» **Required action**
Set down every entry again word for word, please, but skip the pictures.

» **Dataset content**
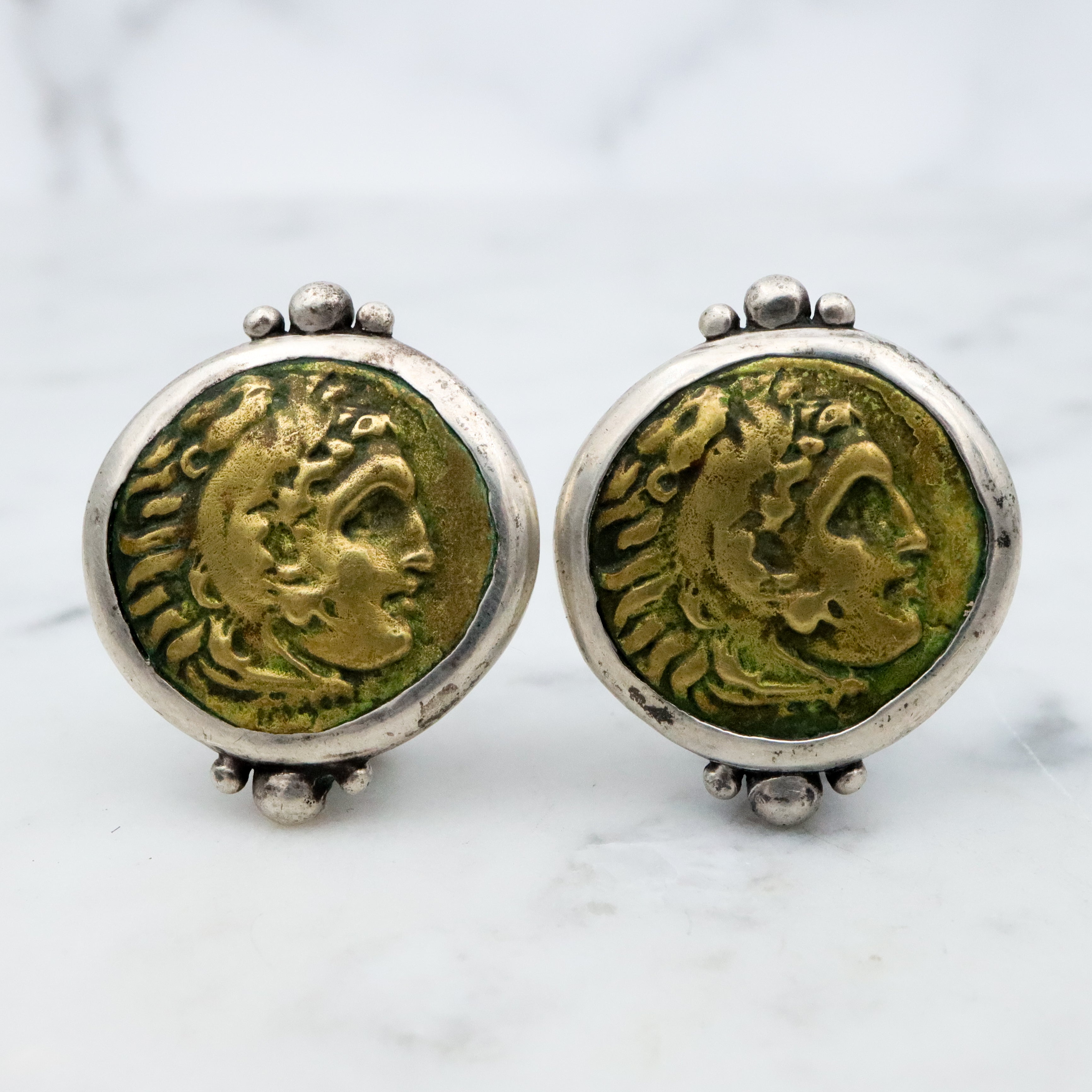 Retro Lazaro sterling Neoclassical Alexander the Great coin earrings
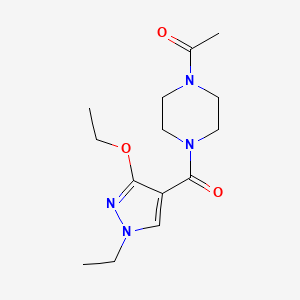 molecular formula C14H22N4O3 B2851722 1-(4-(3-乙氧基-1-乙基-1H-吡唑-4-羰基)哌嗪-1-基)乙酮 CAS No. 1014027-41-8
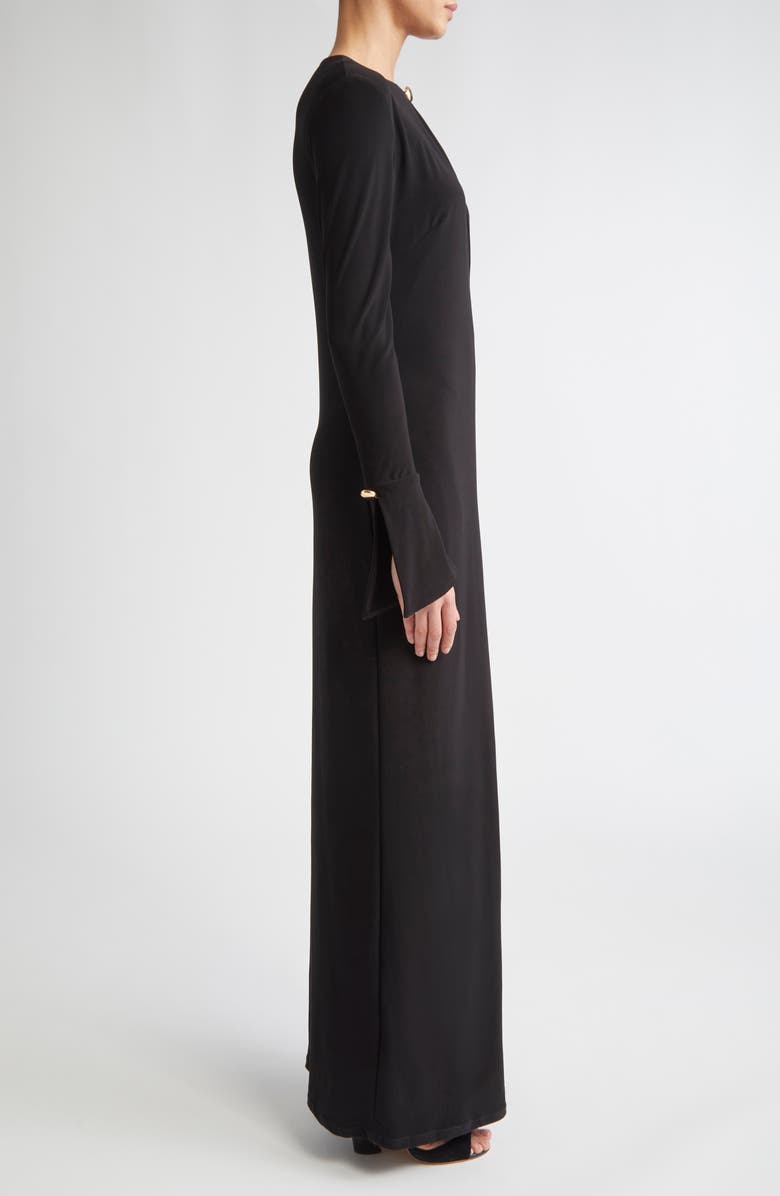 Brandon Maxwell Sylvie Plunge Neck Long Sleeve Gown, Alternate, color, Black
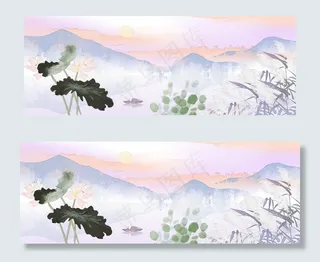 中国风荷花banner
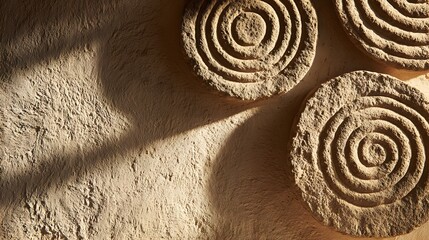 Intricate spiral designs carved into weathered stone discs are illuminated by sunlight, casting dramatic shadows on a rough, textured surface, evoking a sense of history 
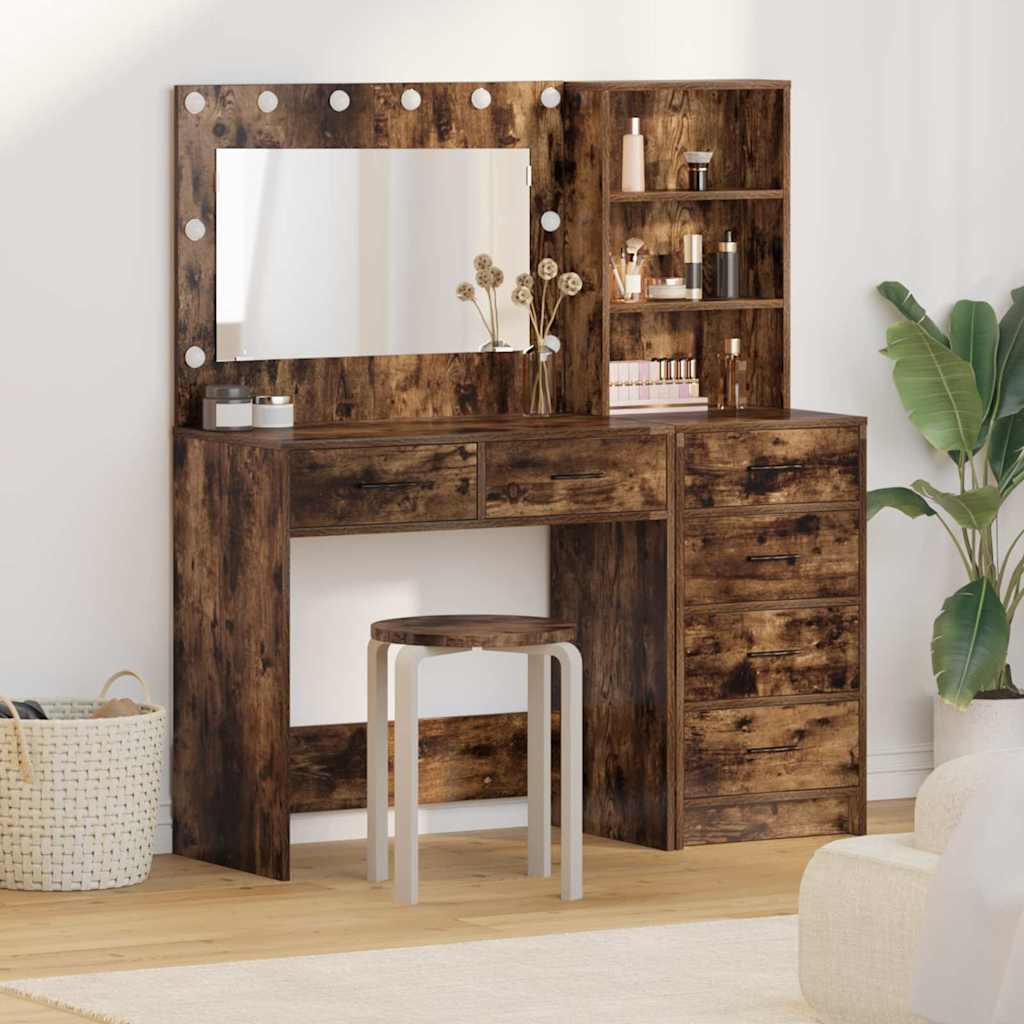 Tavolo Da Trucco Con Cassetto Grigio Chiaro 78.5 X 41 X 135 Cm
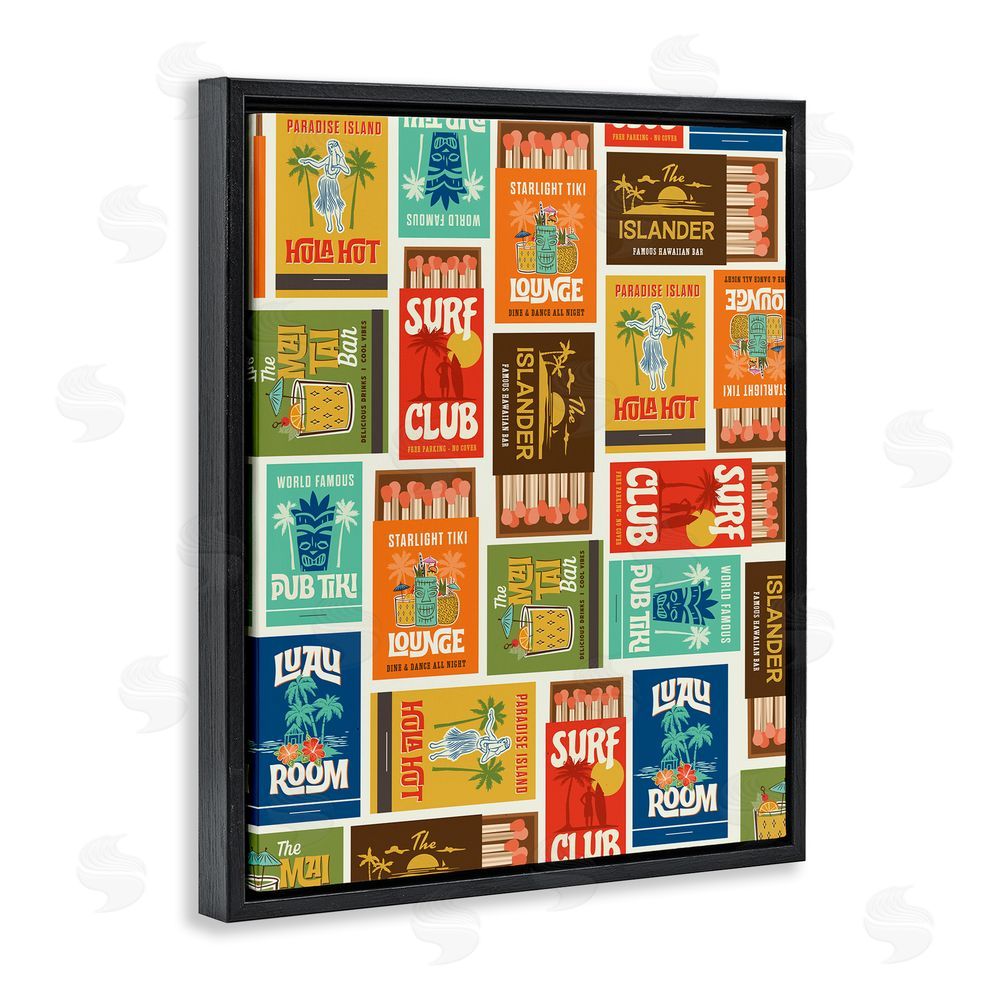 Emily Dumas Vintage Tropical Match Boxes Black Floating Frame Canvas Wall Art Print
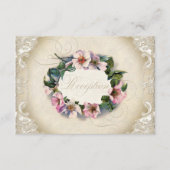 monogram kant Wilde roze roze roodroze vormig Informatiekaartje (Voorkant)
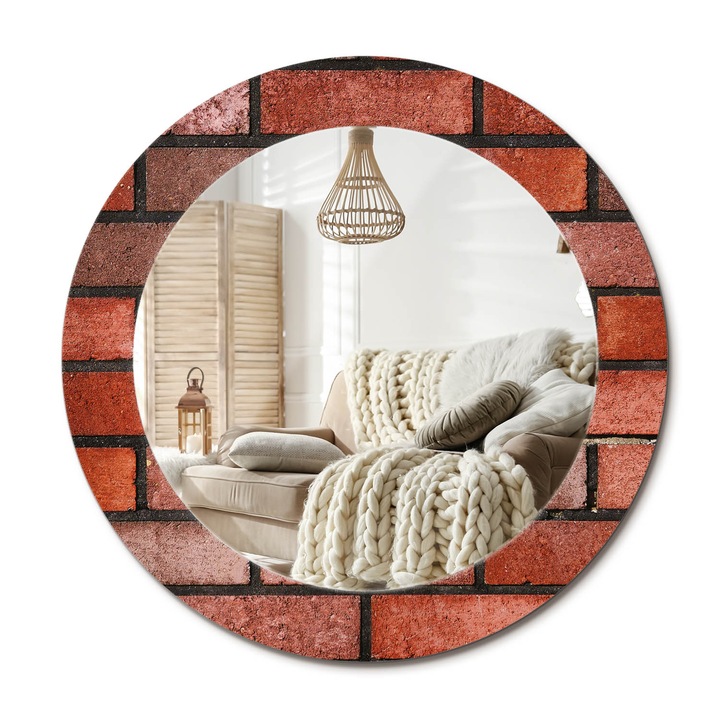 Kör Alakú Fali Tükör Nyomtatással, Decormat, Vörös Tégla, Piros, Ø60 cm, Lakásdíszítő Fali Tükör,, 010090550090300053899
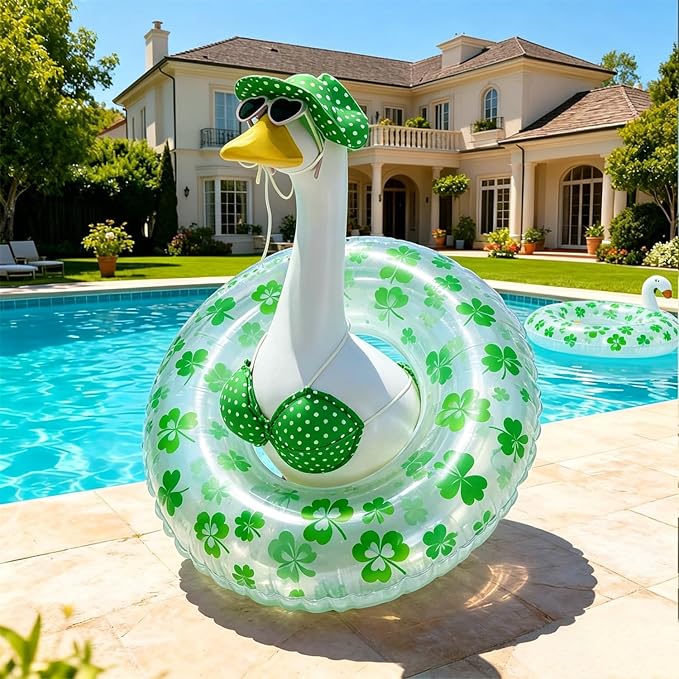 Bikini Porch Goose Outfits,Porch Goose Summer Outfits Swimsuit with Hat Sunglasses & Swim Ring,Fit 23'' Lawn Goose Statue for Summer Outdoor Garden Lawn Yard Decor (Swimsuit-Green)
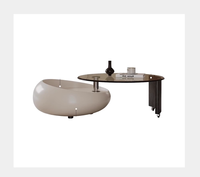 Table basse de salon combinée, style nordique, luxe léger et épuré, avec plateau en verre trempé de haute qualité, mobile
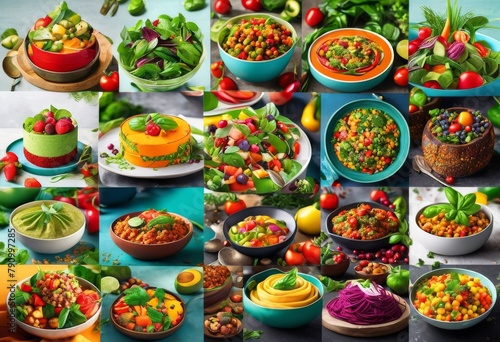 illustration, colorful vegan recipes collage fresh healthy plant based cooking ideas, ingredients, vegetables, fruits © Yaraslava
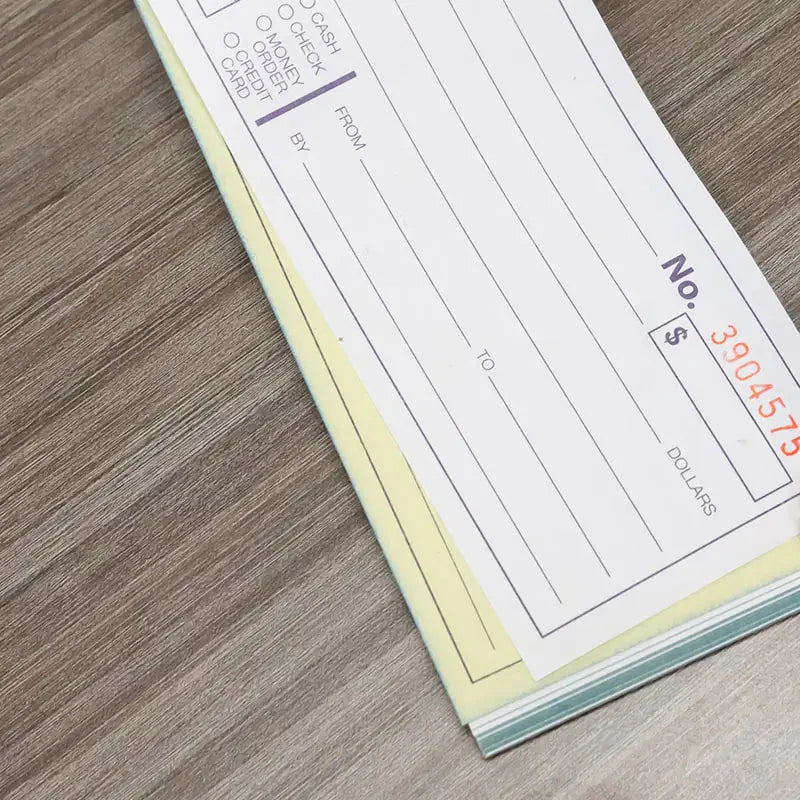 50 Sets 7 1/2" x 2 3/4" 2-Part Carbonless Cash or Rent Receipt Book Anti Spier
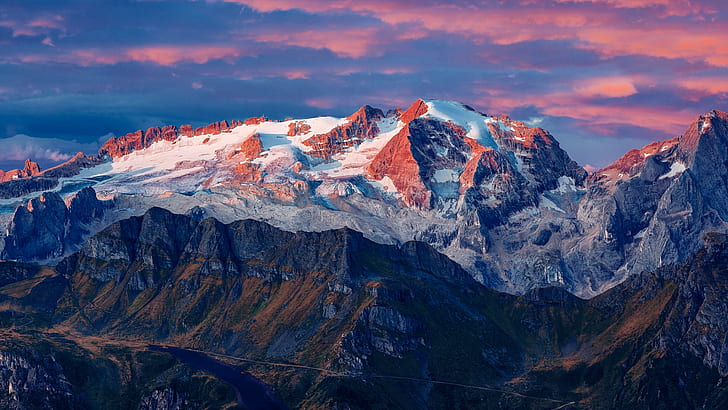 gunung, gletser, puncak, Gletser Marmolada, Italia, Wallpaper HD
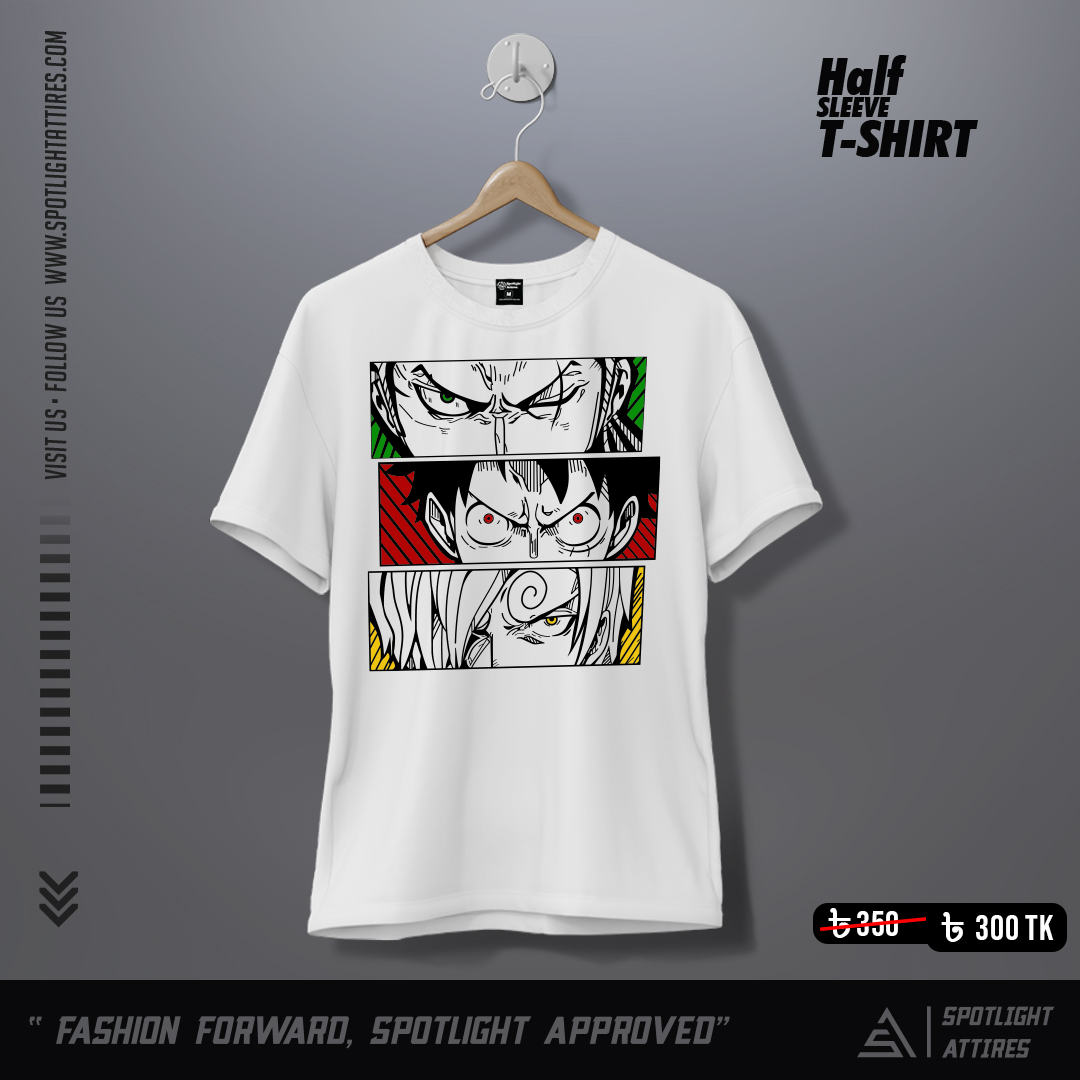 Picture of One Piece - Trio Anime Cotton Screen Printed T-Shirt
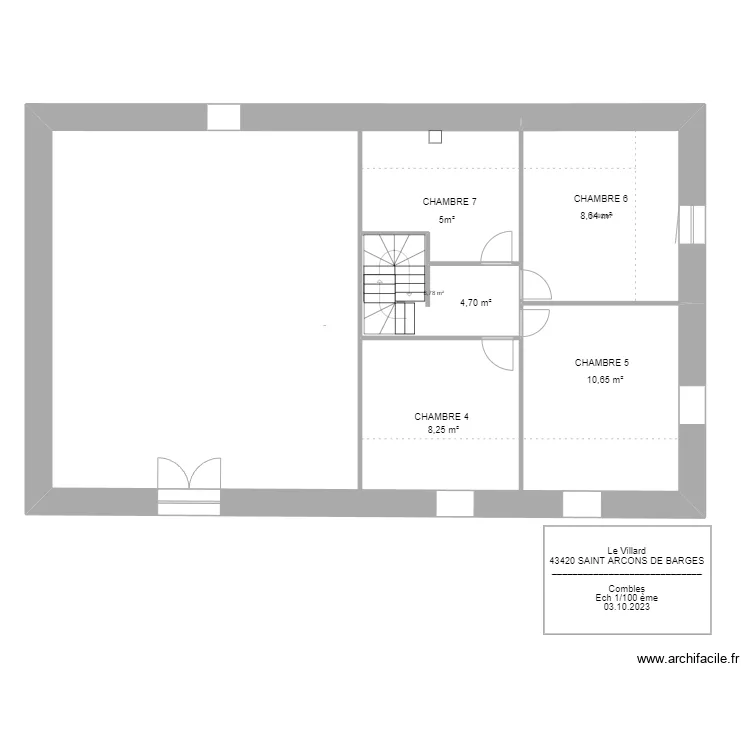 LE VILLARD HAUTE LOIRE COMBLES. Plan de LE VILLARD HAUTE LOIRE COMBLES. Plan de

» **Solved problem**
 Retro Lazaro sterling Neoclassical Alexander the Great coin earrings
 molecular formula C14H22N4O3 B2851722 1-(4-(3-乙氧基-1-乙基-1H-吡唑-4-羰基)哌嗪-1-基)乙酮 CAS No. 1014027-41-8
 Brandon Maxwell Sylvie Plunge Neck Long Sleeve Gown, Alternate, color, Black
 中国风荷花banner
 Intricate spiral designs carved into weathered stone discs are illuminated by sunlight, casting dramatic shadows on a rough, textured surface, evoking a sense of history 
 Tavolo Da Trucco Con Cassetto Grigio Chiaro 78.5 X 41 X 135 Cm
 Emily Dumas Vintage Tropical Match Boxes Black Floating Frame Canvas Wall Art Print
 monogram kant Wilde roze roze roodroze vormig Informatiekaartje (Voorkant)
 Kör Alakú Fali Tükör Nyomtatással, Decormat, Vörös Tégla, Piros, Ø60 cm, Lakásdíszítő Fali Tükör,, 010090550090300053899
 Bikini Porch Goose Outfits,Porch Goose Summer Outfits Swimsuit with Hat Sunglasses & Swim Ring,Fit 23'' Lawn Goose Statue for Summer Outdoor Garden Lawn Yard Decor (Swimsuit-Green)
 Table basse de salon combinée, style nordique, luxe léger et épuré, avec plateau en verre trempé de haute qualité, mobile
 illustration, colorful vegan recipes collage fresh healthy plant based cooking ideas, ingredients, vegetables, fruits © Yaraslava
 50 Sets 7 1/2" x 2 3/4" 2-Part Carbonless Cash or Rent Receipt Book Anti Spier
 gunung, gletser, puncak, Gletser Marmolada, Italia, Wallpaper HD
 Picture of One Piece - Trio Anime Cotton Screen Printed T-Shirt
 LE VILLARD HAUTE LOIRE COMBLES. Plan de LE VILLARD HAUTE LOIRE COMBLES. Plan de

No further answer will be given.